I don’t think I handle departures very well;
Even bidding someone I never met, or personally knew in reality. He is the country’s founder-man, and he’s left at the age of 91. I can’t emphasise on how highly regarded he is to everyone, and myself included. I often complain about how much there is to dislike about this country, saying it is awfully rigid and homophobic and what-not. But in retrospect, this is one man’s work, and it’s spectacular. He gave everything, lived to the best that life could offer, overcame every obstacle that came in his way. In a week’s worth of tears, and uncountable 8 hours the people have queued to see him off (because they couldn’t meet him while he was alive), there’s a little less complaints, a little more appreciation. Indeed, the world is a little darker and a little less bright, and a few hundreds of thousands’ hearts are broken.
It is a little funny though, that it is only in this grim period that we see the slightly more gracious side of singaporeans.
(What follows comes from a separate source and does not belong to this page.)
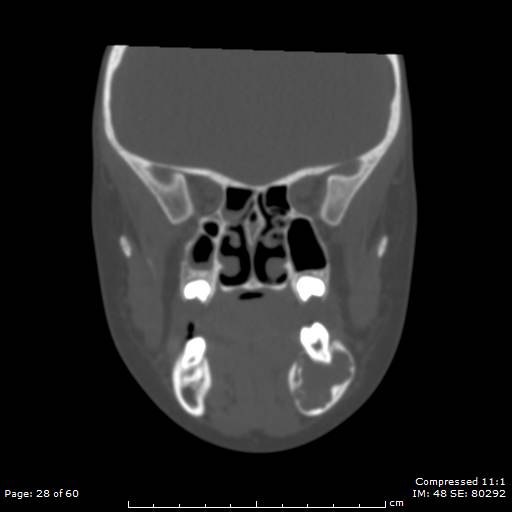 File:Central giant cell granuloma (Radiopaedia 45612-49754 Coronal bone window 28).jpg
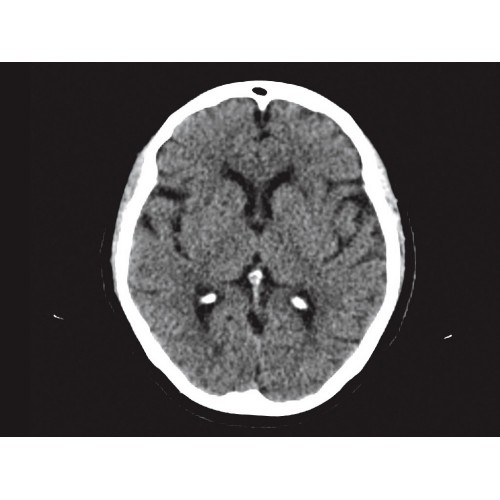 КТ аппарат GE Brivo CT385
For a long time I have respected him, perhaps because since young we were brought up learning how commendable he is, but it is only when I look around, and realise the beauty of this city. He was not a realist, and never as rigid as i thought he was – because the truth is, he was a realist who dreamt idealistically. One by one, he turned all of his dreams, and visions into a reality, for all of us to appreciate. My greatest question for him, if i could ask him today – how did he manage to do all of that? You know, dream big dreams, seeing how broken this place was? How could he find the capacity to love something that was perhaps a little wrecked?
Unfortunately, queueing yesterday to bid farewell to this founder-man was quite a nightmare, I must admit. In the process, it has sieved out the impatient, and filtered out the sadness and emotions while we wait in line. With exhaustion kicking in as we proceed into the early morning, and with the growing impatience, all feelings have been numbed, and time surrenders to surreality, and all honour has turned to chore. Look at the flowers, the pretty white offerings that go through five hours of wait; By the time we lay it – it is much tattered, a little too disfigured, and slightly disjointed – very much dehydrated. The flowers make quite a good representation of us.